Answer: “Not at all. I consciously avoided it, not out of prudishness — though I probably am prudish — but out of the same reason why I tried to avoid the myth of vampirism in Cronos through using the most completely unerotic window I could; I tried to approach it like an addiction. In Pan’s Labyrinth, I knew that the psychosexual angle was really tired; it felt very 1980s for me, and I felt this was a movie about a girl who was on the threshold of making a choice, where she could cease to be a girl, but it was not about sexual identity.”

Perhaps he should have told that to the movie’s designers and marketers. Take a look at these images and say with a straight face that they don’t bear a striking resemblance to female genitalia.

A poster for 'Pan's Labyrinth.' Click to open a larger version

Click here to open a detail of the above poster — a bigger vagina to swallow you!

The vagina motif in the actual film. Click to open a larger version

A poster for 'Pan's Labyrinth.' Click to open a larger version

I’m not saying that this obvious fixation on the vagina is incongruous with del Toro’s statement. There’s a strong argument to be made that the movie is about Ofelia living in the “real” world while wanting to join her unborn brother in her mother’s womb. (She is not unlike the protagonist of The Tin Drum, who refuses to physically mature after observing some of the world’s horrors.) Hence: Ofelia at the labia of the Earth/Mother. That fits with del Toro’s claim that the movie is not about Ofelia’s sexuality.

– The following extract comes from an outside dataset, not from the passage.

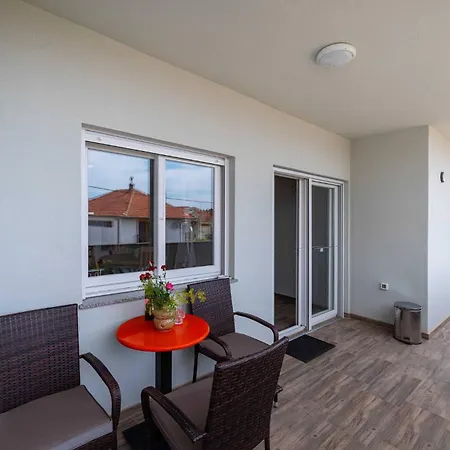 My Dalmatia - Blagdan One With Private Parking Zadar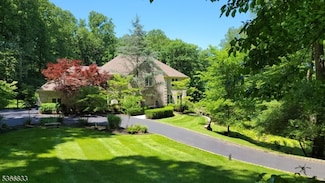 51 Twin Brooks Trail, Chester, NJ 07930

Now, when that budding girl enters the tree and encounters a repulsive, spewing frog, that’s another matter entirely. From Bruno Bettelheim:

“The frog’s ability to blow itself out when excited arouses, again unconsciously, associations to the penis’ erectability. Repulsive as the frog may be, as vividly described in ‘The Frog King,’ the story assures us that even an animal so clammily disgusting turns into something very beautiful, provided it all happens in the right way at the right time.”